Как следствие – у человека искажается восприятие мира и настоящей науки. К другим негативным последствиям относится субъективизм преподавателя в высшем учебном заведении: неоднократно бывали случаи, что «адепты теории торсионных полей» и «неокантианцы-постсубъективисты» предвзято оценивали студентов, либо не отвечающих по их собственным конспектам и авторским курсам (например, включавшим эти теории), либо просто не соглашавшихся с их утверждениями.
Субъективный идеализм в политической философии приводит к развитию в политической мысли мещанского индивидуализма, как в крайне правых, так и в крайне левых ее проявлениях. В качестве наглядного примера можно привести анархопримитивизм, который, при всем отрицании его апологетами своей левизны, выходит из все же из среды левых. Основной идеей анархопримитивизма является полный отказ от цивилизации, ее разрушение и становление «первобытного человека будущего». Главными аргументами «за» являются отсылки к образу жизни первобытных людей и нападки на постмодерн и современную культуру.
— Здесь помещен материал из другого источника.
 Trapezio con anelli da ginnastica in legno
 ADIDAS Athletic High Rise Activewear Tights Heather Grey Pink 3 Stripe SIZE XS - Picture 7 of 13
По факту же, несмотря на радикальное отрицание, анархопримитивизм является примером типичного левого постмодернизма: постоянная противоречивость с самим собой, недоработанность программы, эклектичность, необоснованное отрицание левизны при потребности в левых как последователях, невозможность воплощения в реальной жизни, непродуманность глобальной программы (модель Зерзана, «крестного отца» анархопримитивизма, способна работать максимум на уровне небольших эко-поселений). Если брать противоположный лагерь, стоит взглянуть на традиционализм, который при столь романтичной внешне эстетике имеет абсолютно пустое содержание. Традиционалисты расколоты еще больше анархо-индивидуалистов Макса Штирнера во всем, начиная от самого определения слова «традиция»: его значение то приуменьшают, то преувеличивают, то подводят под разные религии (традиционализм в СНГ не только отличается от традиционализма Рене Генона, но Володихин, например, подчеркивает, что его восприятие консерватора как минимум отличается от трактовки этого термина Дугиным). Если же брать научную и политическую составляющую традиционализма как учения, то здесь тоже можно обнаружить ярчайший пример субъективного идеализма. В первую очередь, метафизические доктрины «традиции» различны не только у разных авторов: у некоторых философов-традиционалистов мысли об идейной составляющей движения менялись по ходу жизни. Когда в одной книге Эвола утверждает о необходимости любой религии, как сплачивающей силы внутри государства, то в работе «Языческий империализм» он, уже исходя из названия, ясно дает понять, какой тип религии «наиболее благоприятен» для традиции.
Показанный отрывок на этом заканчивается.